### About this task
For the listing below, the answer is an exact retyping of the lines from the one with "Camiseta Bandera estadounidense" through the one with "18K Gold Chic Links Chain Hoop Earrings", both included, without pictures.

### Excerpted records
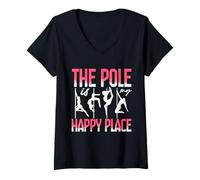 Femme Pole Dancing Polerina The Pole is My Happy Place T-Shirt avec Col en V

---

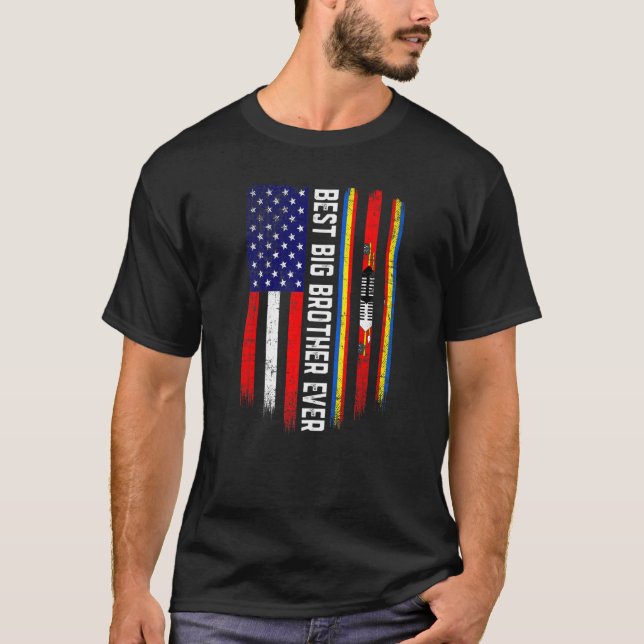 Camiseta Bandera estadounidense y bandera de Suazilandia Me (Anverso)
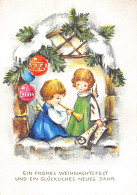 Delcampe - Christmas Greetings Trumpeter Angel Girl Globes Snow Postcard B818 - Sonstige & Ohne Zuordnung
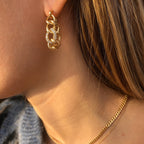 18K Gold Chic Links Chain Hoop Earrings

### Exercise solution
 Camiseta Bandera estadounidense y bandera de Suazilandia Me (Anverso)
 Delcampe - Christmas Greetings Trumpeter Angel Girl Globes Snow Postcard B818 - Sonstige & Ohne Zuordnung
 18K Gold Chic Links Chain Hoop Earrings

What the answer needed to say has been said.